Private sector hiring totaled 62,000 in March, better than expected, ADP says
Private Sector Employment Growth Surpasses Expectations in March
Private sector employment growth exceeded expectations in March, with health care and construction leading the way, according to a report released by payrolls processing company ADP on Wednesday.
The report revealed that job growth totaled 62,000 for the month, only a slight decrease from February’s upwardly revised figure but surpassing the Dow Jones consensus of 39,000. It is important to note that ADP’s report does not include government employees.
Similar to the previous month’s report, two sectors were the primary drivers of job gains. Education and health services contributed 58,000 jobs, the same as February, while construction added 30,000. The health services sector’s total was impacted in the prior month due to a strike at Kaiser Permanente that affected over 30,000 workers in Hawaii and California.
Nela Richardson, ADP’s chief economist, highlighted the significance of the health care sector in the current labor market landscape, stating, “We’ve seen two consecutive months of pretty steady job growth, but most of it has been in health care. That’s really the story. Health care is transforming the labor market.”
Additionally, information services added 16,000 jobs, natural resources and mining contributed 11,000, and leisure and hospitality saw a gain of 7,000. On the flip side, trade, transportation, and utilities lost 58,000 workers, while manufacturing experienced a decline of 11,000.
March witnessed a rare balance in job creation between goods producers and service providers, with 30,000 jobs added in the former category and 32,000 in the latter. Small businesses led the way in hiring, adding 85,000 jobs, while medium-sized establishments lost 20,000 and large firms reported a decline of 4,000.

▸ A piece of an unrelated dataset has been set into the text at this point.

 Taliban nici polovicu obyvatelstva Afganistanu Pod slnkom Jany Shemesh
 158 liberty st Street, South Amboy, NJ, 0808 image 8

Richardson noted that small businesses have been leading in hiring for the second consecutive month, possibly due to factors such as inflation impacts and the need for additional jobs to keep up with rising prices.
Wage growth for employees staying in their current positions remained steady at 4.5%, while job changers saw an increase of 6.6%, up 0.3 percentage points from February.
The release of the ADP report comes ahead of the Bureau of Labor Statistics’ nonfarm payrolls report, with economists forecasting a gain of 59,000 jobs following February’s reported loss of 92,000. The unemployment rate is expected to remain unchanged at 4.4%.
On a separate note, retail sales showed a solid increase in February, rising by 0.6% after a slight decline of 0.1% in January. The figure surpassed the forecast of 0.5%. Excluding auto sales, retail sales grew by 0.5%, exceeding the projected 0.3% increase.
Furthermore, the ISM manufacturing index reported a slightly better-than-expected reading of 52.7 in March, indicating the percentage of firms reporting expansion. However, the prices index experienced a significant surge, reaching 78.3, the highest level since June 2022.